Mahasiswa Jadi Garda Depan Kampus Aman: UNSRI Tetapkan Duta Anti Kekerasan 2026
TRANS SUMSEL – Komitmen Universitas Sriwijaya (UNSRI) dalam membangun lingkungan akademik yang aman, inklusif, dan berkeadilan kembali ditegaskan melalui Pemilihan Duta Anti Kekerasan Universitas Sriwijaya Tahun 2026. Kegiatan ini digelar di Aula Fakultas Ekonomi UNSRI Kampus Indralaya dan melibatkan mahasiswa lintas fakultas sebagai aktor utama perubahan.
Acara dibuka secara daring oleh Wakil Rektor III UNSRI, Prof. Dr. dr. Radiyati Umi Partan, SpPD-KR, M.Kes., yang menekankan pentingnya peran mahasiswa dalam upaya pencegahan dan penanganan berbagai bentuk kekerasan di perguruan tinggi. Menurutnya, kampus harus menjadi ruang aman bagi seluruh sivitas akademika, tanpa pengecualian.
Dalam sambutannya, Prof. Radiyati mengajak mahasiswa untuk berani bersuara dan menolak segala bentuk kekerasan. Ia juga menyampaikan dukungan penuh terhadap keberadaan Duta Anti Kekerasan sebagai mitra strategis universitas dalam membangun budaya saling menghormati. Ia berharap peran tersebut menjadi ladang pengabdian dan kontribusi nyata yang bernilai sosial dan kemanusiaan.

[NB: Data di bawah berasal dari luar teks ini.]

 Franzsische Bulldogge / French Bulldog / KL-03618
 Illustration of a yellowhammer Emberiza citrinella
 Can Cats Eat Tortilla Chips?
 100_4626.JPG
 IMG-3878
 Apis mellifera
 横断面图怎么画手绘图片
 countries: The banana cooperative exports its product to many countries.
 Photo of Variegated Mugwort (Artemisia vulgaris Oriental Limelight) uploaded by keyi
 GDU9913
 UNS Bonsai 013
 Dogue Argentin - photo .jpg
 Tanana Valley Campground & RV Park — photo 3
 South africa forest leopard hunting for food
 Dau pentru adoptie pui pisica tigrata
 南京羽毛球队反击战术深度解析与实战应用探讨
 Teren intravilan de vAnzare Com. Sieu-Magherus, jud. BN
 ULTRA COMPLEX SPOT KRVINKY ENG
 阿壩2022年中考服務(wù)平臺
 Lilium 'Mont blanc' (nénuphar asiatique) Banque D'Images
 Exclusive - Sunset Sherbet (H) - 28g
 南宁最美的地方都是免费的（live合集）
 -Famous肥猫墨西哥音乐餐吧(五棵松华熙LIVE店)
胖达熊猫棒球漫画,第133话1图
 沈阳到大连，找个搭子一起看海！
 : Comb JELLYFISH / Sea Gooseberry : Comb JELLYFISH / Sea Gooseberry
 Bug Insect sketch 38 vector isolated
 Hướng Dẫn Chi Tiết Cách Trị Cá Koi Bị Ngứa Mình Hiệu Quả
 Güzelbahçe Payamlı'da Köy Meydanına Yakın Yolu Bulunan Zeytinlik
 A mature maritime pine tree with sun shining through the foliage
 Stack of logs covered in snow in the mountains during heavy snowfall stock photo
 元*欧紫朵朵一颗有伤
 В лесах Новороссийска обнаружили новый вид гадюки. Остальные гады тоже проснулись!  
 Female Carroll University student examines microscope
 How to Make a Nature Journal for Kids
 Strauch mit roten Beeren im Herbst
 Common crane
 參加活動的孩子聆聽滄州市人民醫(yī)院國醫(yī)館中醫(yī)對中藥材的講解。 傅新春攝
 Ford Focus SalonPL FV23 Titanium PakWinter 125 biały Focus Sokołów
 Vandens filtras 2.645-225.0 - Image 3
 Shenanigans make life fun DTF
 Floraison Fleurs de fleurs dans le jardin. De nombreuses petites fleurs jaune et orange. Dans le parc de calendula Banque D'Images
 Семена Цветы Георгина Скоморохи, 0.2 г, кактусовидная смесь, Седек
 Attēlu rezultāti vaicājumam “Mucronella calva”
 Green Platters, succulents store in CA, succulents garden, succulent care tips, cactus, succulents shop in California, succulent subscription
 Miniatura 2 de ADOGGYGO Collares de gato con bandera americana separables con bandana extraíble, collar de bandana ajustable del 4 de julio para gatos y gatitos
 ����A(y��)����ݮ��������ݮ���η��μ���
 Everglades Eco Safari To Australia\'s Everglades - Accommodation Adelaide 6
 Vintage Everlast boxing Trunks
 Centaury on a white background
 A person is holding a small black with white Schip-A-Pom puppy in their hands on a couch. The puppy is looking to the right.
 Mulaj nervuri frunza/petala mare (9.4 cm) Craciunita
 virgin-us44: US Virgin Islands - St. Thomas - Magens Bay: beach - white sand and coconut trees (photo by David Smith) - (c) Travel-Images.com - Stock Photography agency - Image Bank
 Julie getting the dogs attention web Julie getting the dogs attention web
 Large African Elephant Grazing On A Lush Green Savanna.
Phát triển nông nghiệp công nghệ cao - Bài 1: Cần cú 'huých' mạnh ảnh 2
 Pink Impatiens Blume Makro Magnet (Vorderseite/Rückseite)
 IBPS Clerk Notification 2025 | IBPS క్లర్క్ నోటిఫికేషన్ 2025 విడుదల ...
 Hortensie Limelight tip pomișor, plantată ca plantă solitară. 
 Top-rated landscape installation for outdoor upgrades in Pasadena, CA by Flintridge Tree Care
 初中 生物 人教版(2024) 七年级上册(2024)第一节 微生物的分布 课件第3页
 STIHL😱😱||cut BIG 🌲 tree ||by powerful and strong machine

Rangkaian kegiatan diisi dengan sesi edukatif yang menghadirkan Iptu Dr. Try Nensy Nirmalasary, S.H., Kepala Unit Perlindungan Perempuan dan Anak serta TPPO Polres Kabupaten Ogan Ilir, yang mengulas aspek hukum, mekanisme pelaporan, serta perlindungan bagi korban kekerasan. Perspektif advokasi dan komunikasi strategis disampaikan oleh Muhammad Cholil Munadi, S.Psi., M.K.M., anggota Satgas PPKPT UNSRI, yang menekankan pentingnya empati, pendampingan, dan keberpihakan pada korban.
Nuansa reflektif semakin terasa melalui penampilan monolog oleh James Andrew, mahasiswa Ilmu Hubungan Internasional FISIP UNSRI, yang menyuarakan pengalaman, luka, dan harapan korban kekerasan, sekaligus mengajak audiens membangun kesadaran kolektif.
Puncak kegiatan ditandai dengan penjurian final Duta Anti Kekerasan UNSRI 2026, yang dinilai oleh dewan juri lintas keahlian, terdiri dari akademisi UNSRI serta perwakilan pemerintah daerah. Dewan juri menilai kapasitas finalis dalam aspek pemahaman isu, kemampuan advokasi, empati sosial, serta potensi peran nyata di lingkungan kampus.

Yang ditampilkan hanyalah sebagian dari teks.